The Isithembiso actress reflects on how fame led her astray and how she’s come back stronger and more confident.
You’ve been off-screen for a while now, what have you been up to?I focused more on doing corporate gigs and I’ve also been in New York studying at the Theatre, Film and Television in Chelsea. I was studying acting, filming and directing. I sort of over-stayed my welcome and did some travelling while there. I came back home and tried to figure myself out. When I got back to SA I did a lot of corporate commercial and training videos for Barloworld, MTN and Standard Bank and more. I needed some downtime and a chance to figure myself out and that’s why I did those. In having that time, it made me miss acting. It’s hard to pinpoint how long I was away for as I was in and out of the country, but I think it was for three years.
You’re now on Mzansi Magic’s Isithembiso, are you enjoying acting again?I longed to be on set with an amazing cast with brilliant actors, new and old. Isithembiso is actually what I’d prayed for and at the end of last year the opportunity to play Claudia came and in the first week of this year I got to play her on the show. The universe clearly manifested exactly what I’d asked for; I’m having the time of my life now. The cast is sensational, the script and storyline are interesting. There’s lots of mystery, Isithembiso is exactly the show I would watch. I’ve never played a role like this before; where I’m a mother of three and married to the wonderful but not so wonderful Banzi (played by Hamilton Dlamini).

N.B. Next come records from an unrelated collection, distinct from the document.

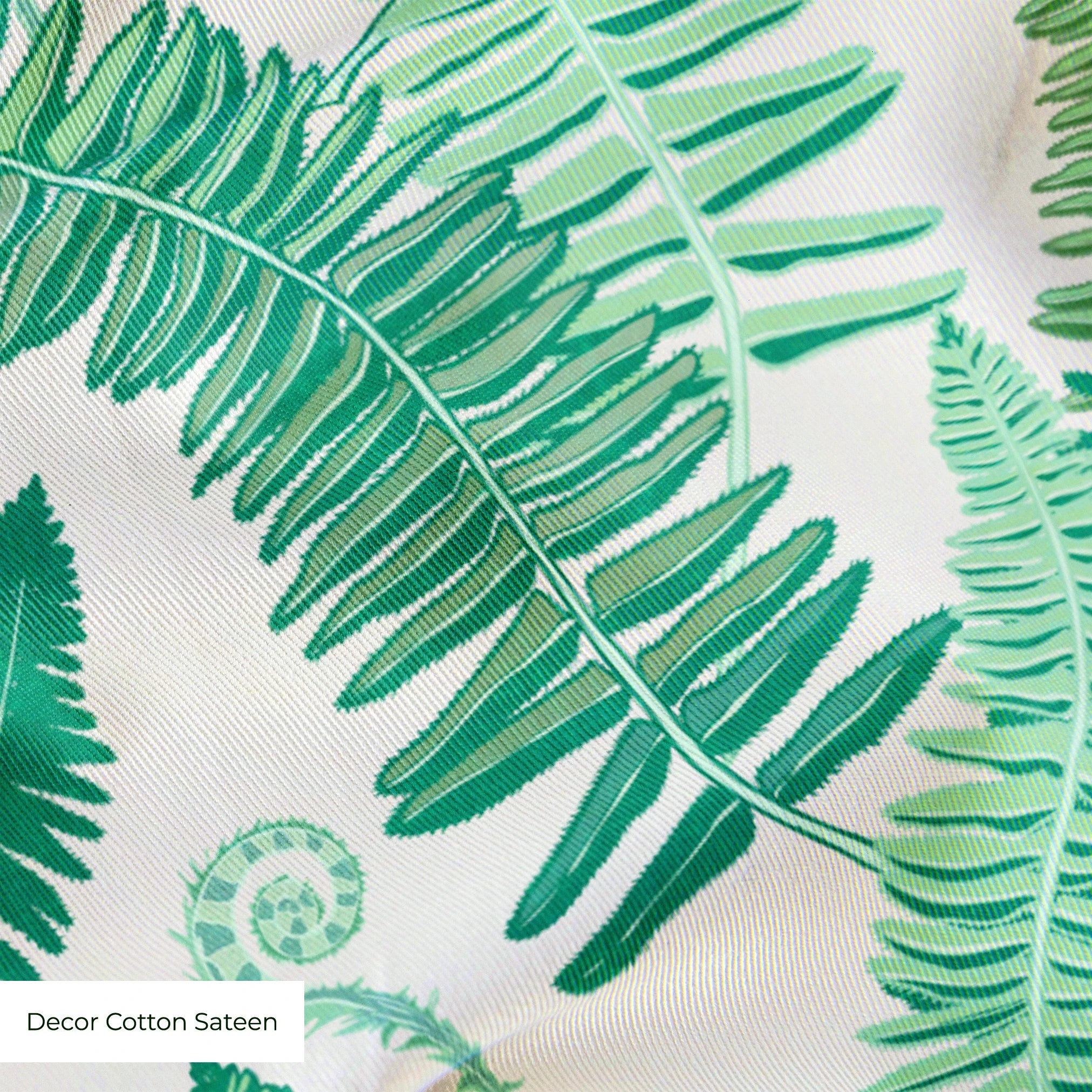  cohort1 cottonsateen texture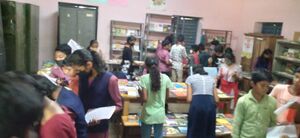 21068 library03.jpeg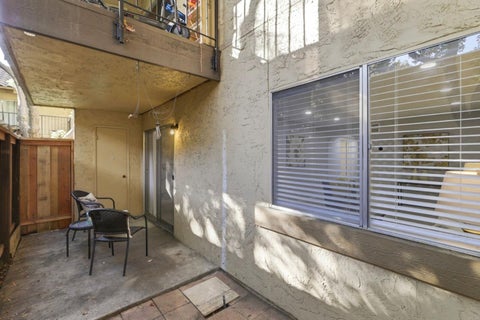 Tiny photo for 259 N Capitol Avenue #122, SAN JOSE, CA 95127 (MLS # ML82051435)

Would you say Claudia is, somewhat, a reflection of society today?My character is living the magic in misery. She reminds me of a lot of black women right now, which are so smart, so beautiful and can run things on their own yet attach themselves to these men that just bring them down and lead them astray. They have to put on the façade that they’re living the life – she lives in a mansion and drives the fancy cars, wearing the shoes and clothes meanwhile it’s all smoke and mirrors. It’s not real. I love playing Claudia because she’s the antithesis of me, I would never sacrifice my soul for money and material things. Claudia’s very materialistic and assumes the role of a power couple with Banzi – when behind closed doors everything is amiss. They’re always fighting which as a result has convinced me to not get married.

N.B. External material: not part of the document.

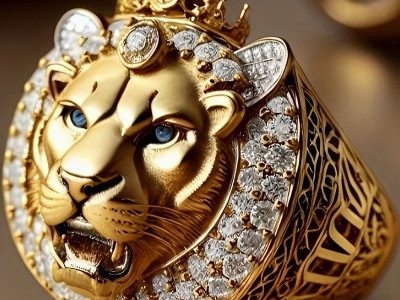+27656842680 Magic Rings For Money And Love In Brits Town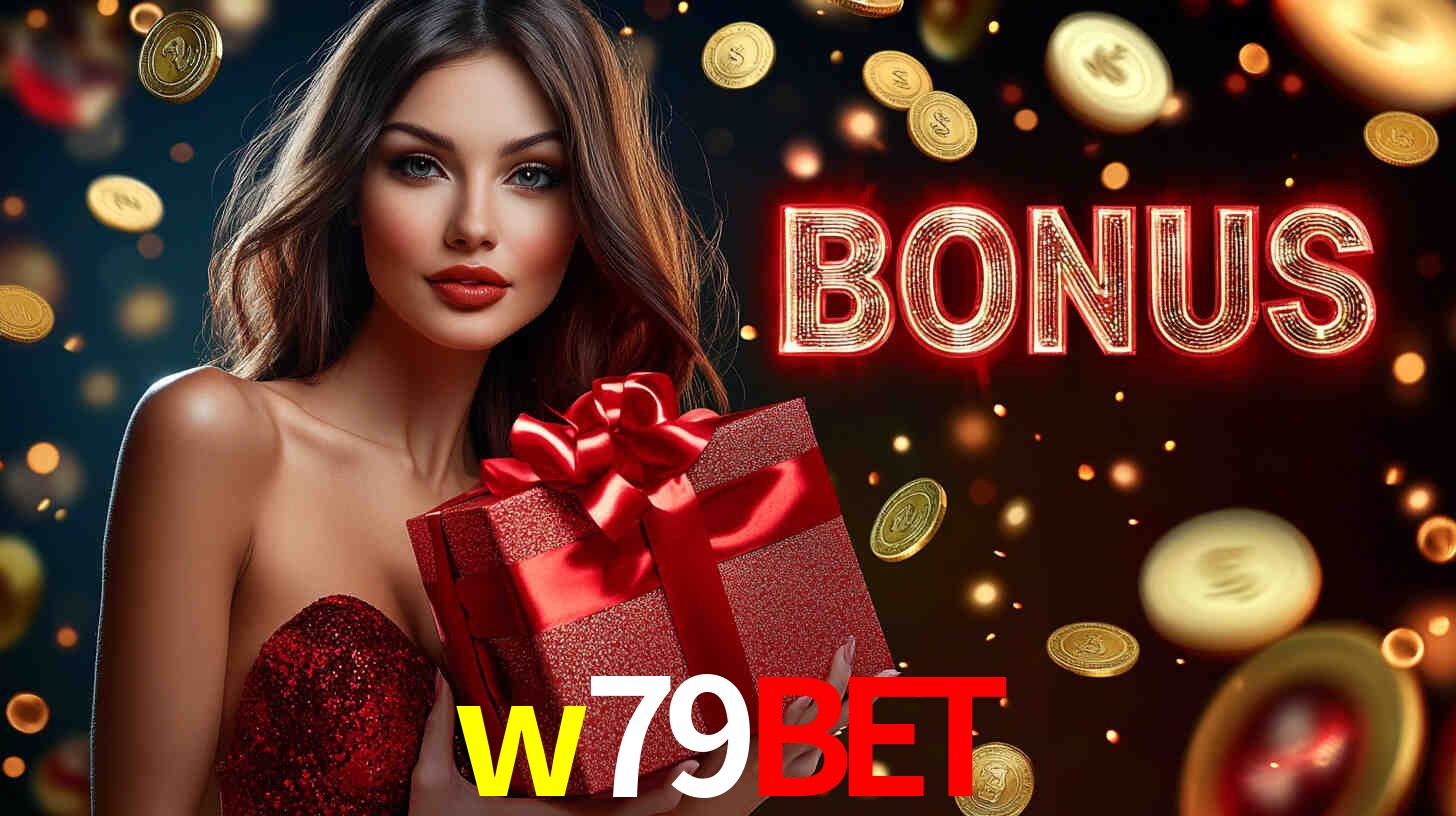 Apostas de Basquete w79bet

So you don’t want to get married in real life?No, it’s not for me. I don’t want to get married and I don’t want kids. It’s a definite no from me for those things. The reality is, it’s not for everyone. It’s my choice, in fact so many people are married and not happy – you get so many terrible husbands, wives and couples. We aren’t all made for marriage nor to have kids. All my friends who were married are now divorced. It all begins with knowing thyself – I know myself and I know that I’m not designed to be married or have children. I’m also very moody; you have to know the good and the bad sides about yourself and I embrace both. They make me who I am. I also don’t like following the set life paradigm of going to school, getting married thereafter, be a doctor or whatever and have kids. You shouldn’t be a squirrel in someone else’s life looking for a peanut either. I want to be the cake with the cherry on top! The reason I hold Claudia so profoundly is that we need to realise that you can be the man in your life that you want to be with. Once you are both things then you attract the right things. It’s all about self-love and not being in a place of desperation.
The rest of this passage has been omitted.